Page 2 of 3

Posted: Thu Nov 08, 2007 1:01 am
by Candy
JAAman wrote:i have done that... wrote a section in ASM, then translated it into hex -- its quite fun actually, and after a while, you find patters which give incite into the instruction-set design

quite enjoyable, although quite time-consuming also...
I would prefer if it incited insight.

Posted: Thu Nov 08, 2007 6:51 am
by crazygray
I know it would take way to long to write an entire os in Hex it's just the bootloader that I am going to write that way.

Posted: Thu Nov 08, 2007 3:39 pm
by Tyler
Am i the only one that thinks "writing in Hex" sounds as stupid as the classic "computer's speak binary"? It's like saying you speak another language if you use a different set of symbols to represent the same alphabet.

Posted: Thu Nov 08, 2007 4:30 pm
by crazygray
It is not exactly the same, there are some instructions I haven't been able to use with an assembler. I enjoy it anyway, it's an intresting thing to do. :D

Posted: Fri Nov 09, 2007 12:31 am
by os64dev
crazygray wrote:It is not exactly the same, there are some instructions I haven't been able to use with an assembler. I enjoy it anyway, it's an intresting thing to do. :D
I use GAS and have yet to find an instruction i couldnt make.

Posted: Fri Nov 09, 2007 10:13 am
by exkor
there are some undocumented instructions such as SALC (Set AL on Carry).
Some asm compilers don't support long jumps, dont know how its with gas.

But the real use of hex still with self modified code or doing patches to the code(which is about the same). But it'll cost you some execution speed(Pentium4 for instance invalidates several cache(code cache) lines).
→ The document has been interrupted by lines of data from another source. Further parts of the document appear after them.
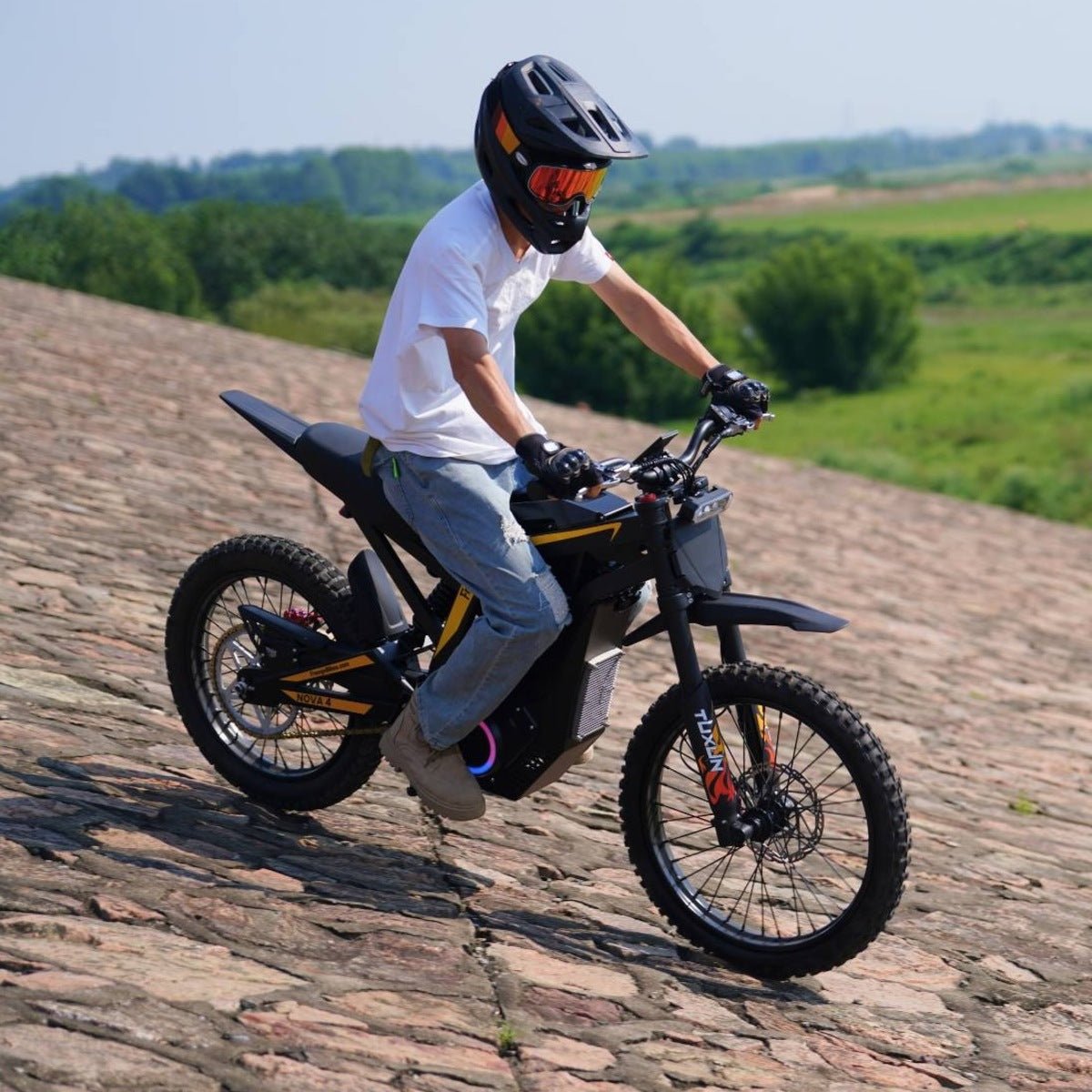 Freego Nova 4 Mid-Drive Electric Dirt Bike - Image 11
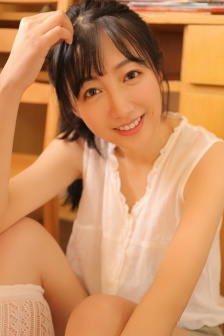最美情侣高清视频播放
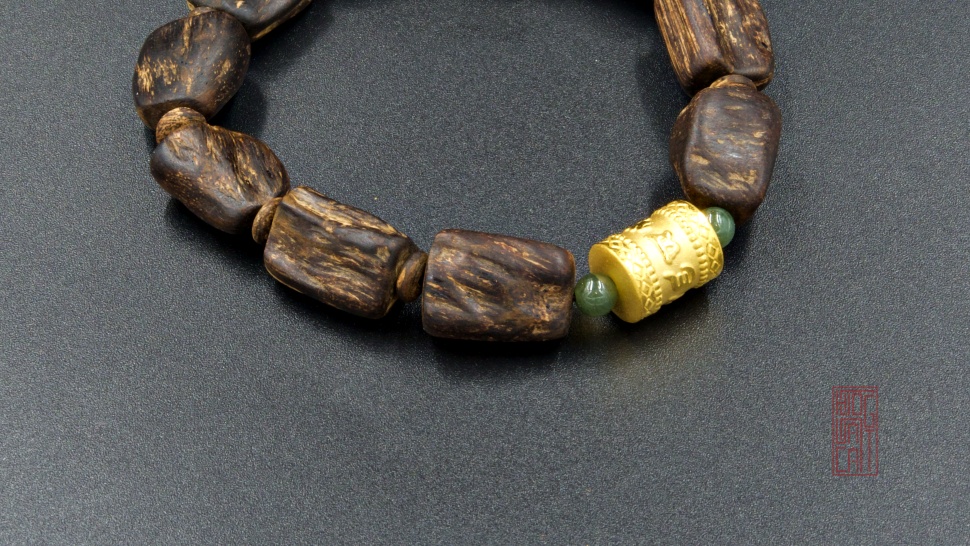 vòng tay trầm chìm dạng hạt tự nhiên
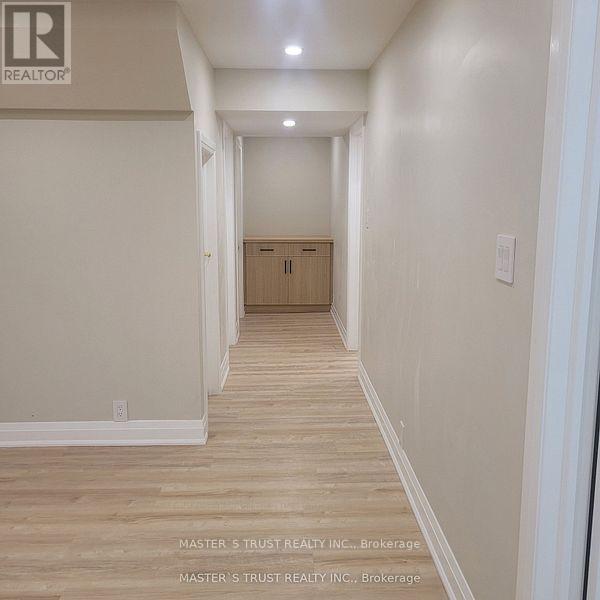 657 Chaleur Place, Newmarket, Ontario  L3X 1L6 - Photo 8 - N12549780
Posted: Fri Nov 09, 2007 10:29 am
by Brynet-Inc
Most assemblers allow you to use SALC...

With GAS you can use .byte 0xd6, YASM/NASM and FASM should all support the opcode mnemonic salc..

Later versions of GAS may support the SALC mnemonic, but I'm using the version bundled with OpenBSD.

I still don't see any benefits of writing out opcodes manually though, even assembly code is barely maintainable :P

Posted: Fri Nov 09, 2007 3:52 pm
by crazygray
I don't think there is really a benefit of writing the code in hex, but I think it is sort of a learning expirience.

Posted: Sat Nov 10, 2007 3:58 pm
by crazygray
I wouldn't know about gas I've never used it before.

Posted: Sun Nov 11, 2007 11:32 am
by JAAman
its not that there is a benefit to doing it, its simply fun! have you never done anything just because its fun?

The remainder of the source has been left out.